→ EXERCISE AIM:
Up to and including the line with "2010 Toyota Tundra", repeat every line of the listing exactly, beginning at the first.

→ PROVIDED RECORDS:
══════════════════════════════

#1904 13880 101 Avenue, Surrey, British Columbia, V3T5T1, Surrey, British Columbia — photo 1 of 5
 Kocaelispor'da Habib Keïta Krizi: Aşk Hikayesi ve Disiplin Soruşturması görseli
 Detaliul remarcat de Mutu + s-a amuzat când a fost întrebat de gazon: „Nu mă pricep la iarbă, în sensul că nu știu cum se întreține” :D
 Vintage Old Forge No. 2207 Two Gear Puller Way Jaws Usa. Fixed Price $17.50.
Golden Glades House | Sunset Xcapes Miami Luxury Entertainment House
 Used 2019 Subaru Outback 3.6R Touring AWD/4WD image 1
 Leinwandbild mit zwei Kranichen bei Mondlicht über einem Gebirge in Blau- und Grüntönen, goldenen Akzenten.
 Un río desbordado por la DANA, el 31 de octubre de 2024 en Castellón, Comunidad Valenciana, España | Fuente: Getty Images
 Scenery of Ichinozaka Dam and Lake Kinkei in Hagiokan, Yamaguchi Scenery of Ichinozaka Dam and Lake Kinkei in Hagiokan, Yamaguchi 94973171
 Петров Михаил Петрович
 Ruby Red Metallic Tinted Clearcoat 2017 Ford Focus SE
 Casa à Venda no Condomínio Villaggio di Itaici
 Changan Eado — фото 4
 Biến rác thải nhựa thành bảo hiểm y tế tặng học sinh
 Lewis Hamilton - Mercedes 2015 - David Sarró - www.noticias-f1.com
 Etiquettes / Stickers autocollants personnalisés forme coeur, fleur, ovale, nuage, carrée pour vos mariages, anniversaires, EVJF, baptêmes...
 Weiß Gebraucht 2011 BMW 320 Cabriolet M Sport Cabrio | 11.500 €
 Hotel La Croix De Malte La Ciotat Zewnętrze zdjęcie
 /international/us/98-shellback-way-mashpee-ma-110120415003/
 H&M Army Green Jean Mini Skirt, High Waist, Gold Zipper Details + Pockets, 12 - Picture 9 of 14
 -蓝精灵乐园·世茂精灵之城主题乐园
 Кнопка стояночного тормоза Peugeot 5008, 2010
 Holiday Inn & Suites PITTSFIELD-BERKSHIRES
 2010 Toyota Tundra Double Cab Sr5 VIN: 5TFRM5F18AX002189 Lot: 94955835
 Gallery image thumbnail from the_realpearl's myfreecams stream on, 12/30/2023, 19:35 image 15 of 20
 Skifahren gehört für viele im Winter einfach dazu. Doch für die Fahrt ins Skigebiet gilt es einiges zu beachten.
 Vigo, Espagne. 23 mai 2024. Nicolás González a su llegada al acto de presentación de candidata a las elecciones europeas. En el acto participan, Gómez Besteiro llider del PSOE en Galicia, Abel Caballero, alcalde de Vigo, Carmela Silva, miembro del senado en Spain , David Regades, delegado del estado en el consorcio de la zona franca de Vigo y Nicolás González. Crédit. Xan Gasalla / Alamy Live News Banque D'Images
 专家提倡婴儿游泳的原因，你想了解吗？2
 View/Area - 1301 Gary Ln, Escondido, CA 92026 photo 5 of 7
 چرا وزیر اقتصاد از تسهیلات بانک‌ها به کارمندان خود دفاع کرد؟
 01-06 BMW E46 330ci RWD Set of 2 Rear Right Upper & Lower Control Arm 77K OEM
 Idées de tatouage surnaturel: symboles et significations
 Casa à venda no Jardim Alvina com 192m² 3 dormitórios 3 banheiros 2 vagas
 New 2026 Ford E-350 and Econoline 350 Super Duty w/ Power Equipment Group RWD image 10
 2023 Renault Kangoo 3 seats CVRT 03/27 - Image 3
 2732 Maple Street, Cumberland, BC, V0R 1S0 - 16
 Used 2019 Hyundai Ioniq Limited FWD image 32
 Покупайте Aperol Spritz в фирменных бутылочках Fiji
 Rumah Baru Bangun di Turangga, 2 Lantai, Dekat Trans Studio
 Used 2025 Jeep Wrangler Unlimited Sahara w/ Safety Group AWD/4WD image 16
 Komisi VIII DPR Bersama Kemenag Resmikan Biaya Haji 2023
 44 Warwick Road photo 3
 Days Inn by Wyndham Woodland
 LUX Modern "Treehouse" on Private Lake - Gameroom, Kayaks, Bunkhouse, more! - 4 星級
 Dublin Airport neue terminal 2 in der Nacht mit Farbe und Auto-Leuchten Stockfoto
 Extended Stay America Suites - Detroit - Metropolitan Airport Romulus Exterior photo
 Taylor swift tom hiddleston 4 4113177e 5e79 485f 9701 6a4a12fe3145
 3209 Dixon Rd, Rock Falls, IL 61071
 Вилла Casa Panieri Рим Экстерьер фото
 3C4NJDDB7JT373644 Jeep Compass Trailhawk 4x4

══════════════════════════════

→ RESULT:
#1904 13880 101 Avenue, Surrey, British Columbia, V3T5T1, Surrey, British Columbia — photo 1 of 5
 Kocaelispor'da Habib Keïta Krizi: Aşk Hikayesi ve Disiplin Soruşturması görseli
 Detaliul remarcat de Mutu + s-a amuzat când a fost întrebat de gazon: „Nu mă pricep la iarbă, în sensul că nu știu cum se întreține” :D
 Vintage Old Forge No. 2207 Two Gear Puller Way Jaws Usa. Fixed Price $17.50.
Golden Glades House | Sunset Xcapes Miami Luxury Entertainment House
 Used 2019 Subaru Outback 3.6R Touring AWD/4WD image 1
 Leinwandbild mit zwei Kranichen bei Mondlicht über einem Gebirge in Blau- und Grüntönen, goldenen Akzenten.
 Un río desbordado por la DANA, el 31 de octubre de 2024 en Castellón, Comunidad Valenciana, España | Fuente: Getty Images
 Scenery of Ichinozaka Dam and Lake Kinkei in Hagiokan, Yamaguchi Scenery of Ichinozaka Dam and Lake Kinkei in Hagiokan, Yamaguchi 94973171
 Петров Михаил Петрович
 Ruby Red Metallic Tinted Clearcoat 2017 Ford Focus SE
 Casa à Venda no Condomínio Villaggio di Itaici
 Changan Eado — фото 4
 Biến rác thải nhựa thành bảo hiểm y tế tặng học sinh
 Lewis Hamilton - Mercedes 2015 - David Sarró - www.noticias-f1.com
 Etiquettes / Stickers autocollants personnalisés forme coeur, fleur, ovale, nuage, carrée pour vos mariages, anniversaires, EVJF, baptêmes...
 Weiß Gebraucht 2011 BMW 320 Cabriolet M Sport Cabrio | 11.500 €
 Hotel La Croix De Malte La Ciotat Zewnętrze zdjęcie
 /international/us/98-shellback-way-mashpee-ma-110120415003/
 H&M Army Green Jean Mini Skirt, High Waist, Gold Zipper Details + Pockets, 12 - Picture 9 of 14
 -蓝精灵乐园·世茂精灵之城主题乐园
 Кнопка стояночного тормоза Peugeot 5008, 2010
 Holiday Inn & Suites PITTSFIELD-BERKSHIRES
 2010 Toyota Tundra Double Cab Sr5 VIN: 5TFRM5F18AX002189 Lot: 94955835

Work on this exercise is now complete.